As a marketer, you’re constantly being pulled in different directions. You’re a writer, a project manager, an ideas generator, a communicator and a negotiator to name a few. You’re also expected to justify your every move with a measurement strategy that covers all bases, meaning you need to be an excellent data analyst too!
Data analysis can be overwhelming, and when you’re down the numbers rabbit hole, it’s easy to get caught up with the stats that look the most impressive. But what really makes a powerful marketer is the ability to analyse data with your organisation’s core objectives in mind.
Vanity metrics can only get you so far. Data such as page views and likes can make you look good on paper, but do they show the impact you’ve had on the business? Focusing on the wrong metrics can give you a false sense of security and veer you off course. Effective data analysis should:
- Drive decisions
- Evaluate success
- Highlight the areas you need to adjust
- Identify opportunities
- Give audience insights
By switching your focus to looking for actionable metrics, you’ll be able to tie your results to business objectives to demonstrate your impact and make meaningful adjustments to improve your strategy’s effectiveness.
So where do you begin?
Before you decide what metrics you need to track, it’s crucial you understand what goals your organisation is working towards. Without an understanding of overarching objectives, it’s impossible to measure your impact against them.

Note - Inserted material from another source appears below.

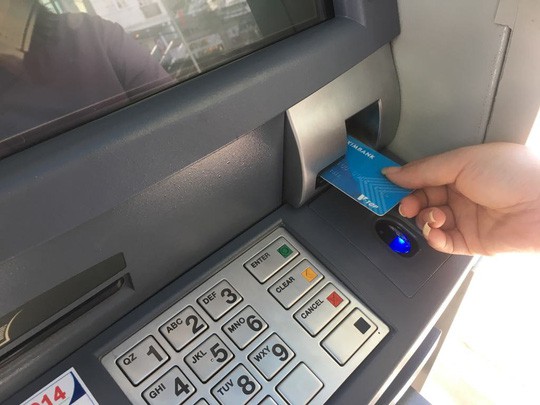 Tài chính - Ngân hàng - 21 triệu thẻ ATM chuyển sang thẻ chip không mất phí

The metrics you track should be totally bespoke to your organisation’s objectives, but we’ve outlined a few examples below to demonstrate how you can incorporate actionable metrics in your measurement plan.

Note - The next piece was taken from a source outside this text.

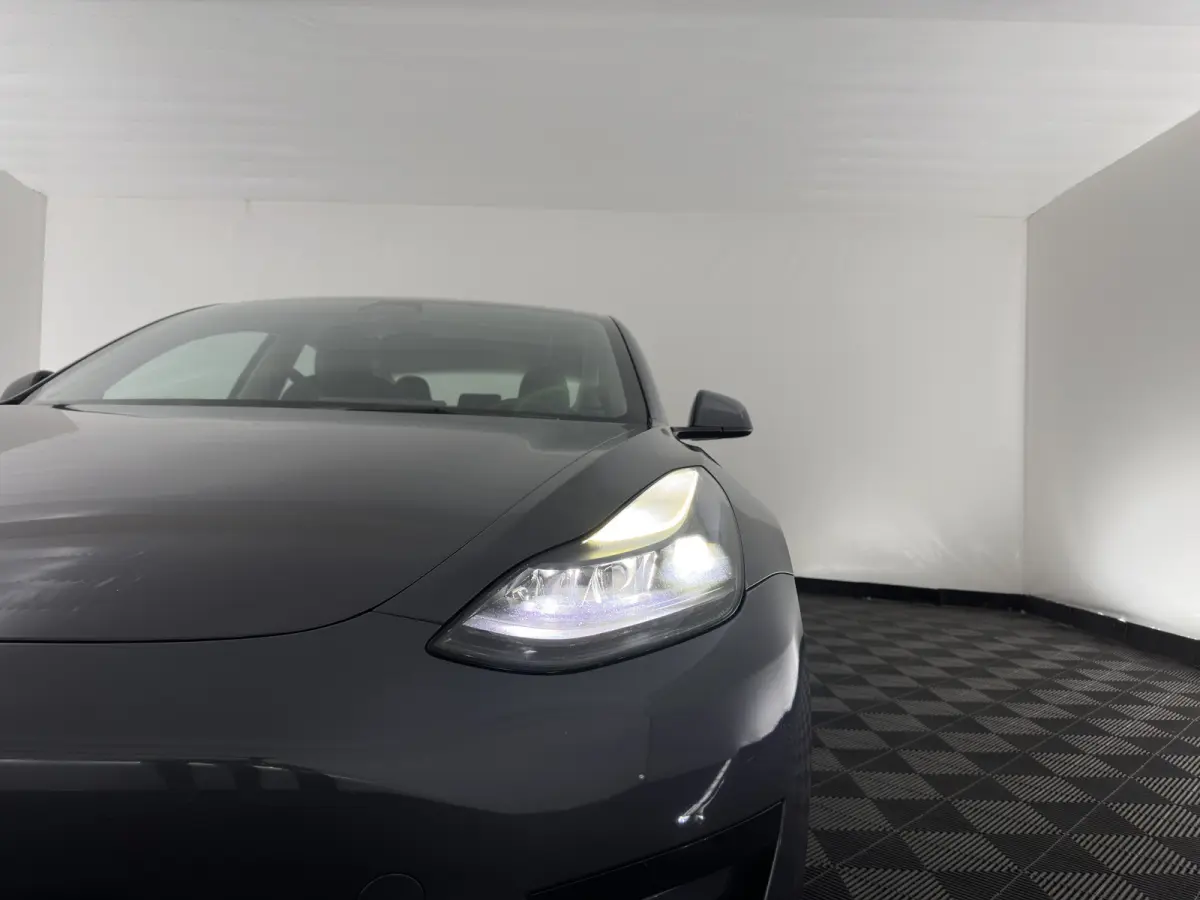 RWD 60 kWh [3-Fase-11kW] {SoH-88%} (INCL-BTW) Aut. *HEATPUMP | PANO | AUTOPILOT | LEATHER | KEYLESS | FULL-LED | MEMORY-PACK | TOPVIEW | DAB | CARPLAY | DIGI-COCKPIT | LANE-ASSIST | HEATED-C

If your objective is to raise brand awareness:
Don’t: Measure page views alone.
Instead: Look for lead sources to determine which of your tactics work best. This means you can focus more budget on the channels that are pushing traffic to your website and take a close look at ones that aren’t.

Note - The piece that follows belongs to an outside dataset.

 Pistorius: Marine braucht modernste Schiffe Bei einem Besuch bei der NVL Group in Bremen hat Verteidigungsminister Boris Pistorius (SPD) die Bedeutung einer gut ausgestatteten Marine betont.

Also take note of bounce rates. If your page has a high view count, yet you’ve got a 90% bounce rate, something is wrong. Your website may be failing when it comes to UX or you may be focusing on the wrong SEO keywords and not delivering the content or value that people expect when they click on your website.
What we can learn? Ultimately, you can’t act on page views alone. By looking beyond these you can gain actionable insights into what’s working and what isn’t.
If your objective is to increase ROI:
Don’t: Track site wide conversion rates.
Instead: Track conversion rates per page. Whilst site wide conversion rates are important to some degree, the data is too general to inform where you need to make improvements. By looking into each page’s conversion rate, you’ll learn what type of traffic converts where.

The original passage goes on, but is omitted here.